To circumvent the limitations of the paucity of shared neoantigens, and to democratize these treatments to virtually all patients, attention has pivoted toward personalized approaches. In this parallel journey, the cancer vaccine field uses personalized tumor antigens (Blass and Ott, 2021) while the T-cell therapy field is moving toward personalized TCRs (Chandran and Klebanoff, 2019) (Fig. 1 e). Simultaneously, orphan (i.e., of unknown antigenic specificity) tumor–reactive TILs were shown to display distinct transcriptomic signatures relative to bystander TILs (Oliveira et al., 2021). This discovery has promoted the recent development of in silico predictors for specific TCR profiles (Tan et al., 2024; Pétremand et al., 2024), paving the way for personalized T-cell products predominantly composed of cells engineered with orphan tumor–reactive TCRs (Fig. 1 e). Still, whether these TCRs target the broader category of TAAs or the exclusive realm of neoantigens remains a concern since most of the former and a significant proportion of the latter are of low avidity (Schmidt et al., 2023; Oliveira et al., 2021).

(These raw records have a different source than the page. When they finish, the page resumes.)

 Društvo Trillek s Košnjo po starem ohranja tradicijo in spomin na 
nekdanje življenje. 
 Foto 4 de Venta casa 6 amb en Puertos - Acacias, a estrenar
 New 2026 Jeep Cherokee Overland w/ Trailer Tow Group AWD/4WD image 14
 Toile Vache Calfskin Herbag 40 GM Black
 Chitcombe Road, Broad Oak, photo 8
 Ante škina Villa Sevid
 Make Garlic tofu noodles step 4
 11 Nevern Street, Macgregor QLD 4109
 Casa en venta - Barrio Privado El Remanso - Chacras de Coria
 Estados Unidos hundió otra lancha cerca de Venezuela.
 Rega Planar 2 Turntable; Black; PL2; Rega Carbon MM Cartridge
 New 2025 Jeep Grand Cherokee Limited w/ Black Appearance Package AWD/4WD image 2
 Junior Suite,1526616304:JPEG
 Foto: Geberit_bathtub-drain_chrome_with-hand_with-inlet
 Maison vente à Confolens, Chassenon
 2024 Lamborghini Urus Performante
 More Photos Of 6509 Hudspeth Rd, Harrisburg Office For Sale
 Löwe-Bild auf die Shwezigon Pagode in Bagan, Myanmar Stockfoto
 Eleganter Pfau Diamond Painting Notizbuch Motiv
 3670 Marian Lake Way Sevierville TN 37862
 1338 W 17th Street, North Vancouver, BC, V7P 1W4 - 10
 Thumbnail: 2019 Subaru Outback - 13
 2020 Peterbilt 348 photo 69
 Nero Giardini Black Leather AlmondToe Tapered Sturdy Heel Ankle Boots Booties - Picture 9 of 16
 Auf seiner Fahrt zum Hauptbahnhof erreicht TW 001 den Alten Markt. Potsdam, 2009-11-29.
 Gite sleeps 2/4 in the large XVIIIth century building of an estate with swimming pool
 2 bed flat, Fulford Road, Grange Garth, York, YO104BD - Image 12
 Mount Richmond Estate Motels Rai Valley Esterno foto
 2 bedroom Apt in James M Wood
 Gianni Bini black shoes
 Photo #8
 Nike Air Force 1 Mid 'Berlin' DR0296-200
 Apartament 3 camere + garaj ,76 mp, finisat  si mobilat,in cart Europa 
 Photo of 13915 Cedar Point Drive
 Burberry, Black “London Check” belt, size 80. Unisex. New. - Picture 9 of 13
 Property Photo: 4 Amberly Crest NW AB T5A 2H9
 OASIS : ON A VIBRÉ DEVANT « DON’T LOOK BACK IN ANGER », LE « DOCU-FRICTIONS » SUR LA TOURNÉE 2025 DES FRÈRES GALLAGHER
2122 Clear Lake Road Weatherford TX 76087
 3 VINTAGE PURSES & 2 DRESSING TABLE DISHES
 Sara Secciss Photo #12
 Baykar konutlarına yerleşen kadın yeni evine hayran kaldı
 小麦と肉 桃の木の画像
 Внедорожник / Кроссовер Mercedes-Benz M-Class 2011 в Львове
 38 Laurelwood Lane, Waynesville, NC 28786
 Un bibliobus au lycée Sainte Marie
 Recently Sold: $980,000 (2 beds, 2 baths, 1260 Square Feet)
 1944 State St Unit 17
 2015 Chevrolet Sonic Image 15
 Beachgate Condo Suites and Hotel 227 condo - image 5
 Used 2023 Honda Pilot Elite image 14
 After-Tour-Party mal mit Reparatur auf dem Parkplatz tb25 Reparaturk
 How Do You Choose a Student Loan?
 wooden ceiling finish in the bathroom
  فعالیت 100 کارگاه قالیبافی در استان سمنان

The solution lies in a multifaceted approach aiming at selecting TCRs that are both tumor reactive and of high avidity (Fig. 1 f). This can be achieved by using in silico predictors of high-avidity TCRs, which will deplete the list of candidate TCRs of low-avidity ones and enrich for high-avidity (i.e., prototypical neoantigen specific) TCRs (Schmidt et al., 2023; Oliveira et al., 2021), thus mirroring, again, the cancer vaccine’s evolution toward neoantigens (Blass and Ott, 2021; Hu et al., 2018). Finally, in line with the selection of multiple distinct neoantigens for personalized vaccines to limit the risk of tumor escape, cell products composed of multiple TCRs predicted to target distinct antigens are more likely to yield clinical benefit. This can be achieved using a TCR clustering algorithm (Glanville et al., 2017). Therefore, cell products enriched in clinically relevant TCRs combining tumor reactivity with structural avidity and multi-epitopes targeting represent a promising strategy. Of interest, a predictor integrating these different axes was recently developed (Pétremand et al., 2024). This advancement allows for the discovery of clinically relevant TCRs, which, when combined with cell engineering tools (Baulu et al., 2023), make personalized TCR-based therapies a realistic perspective.
This evolution of personalized cellular therapy is mimicking that of personalized neoantigen-based vaccines and is expected to yield similar success. As we embark on this exciting chapter, the rise of tumor-specific therapies, from vaccines to adoptive T-cell treatments, generates eager anticipation, promising to reshape the landscape of cancer treatment as we know it.
Disclosures: A. Harari has patents in technologies related to T-cell expansion and engineering for T-cell therapy. J. Chiffelle and A. Harari are authors of some studies cited in this manuscript. No other disclosures were reported.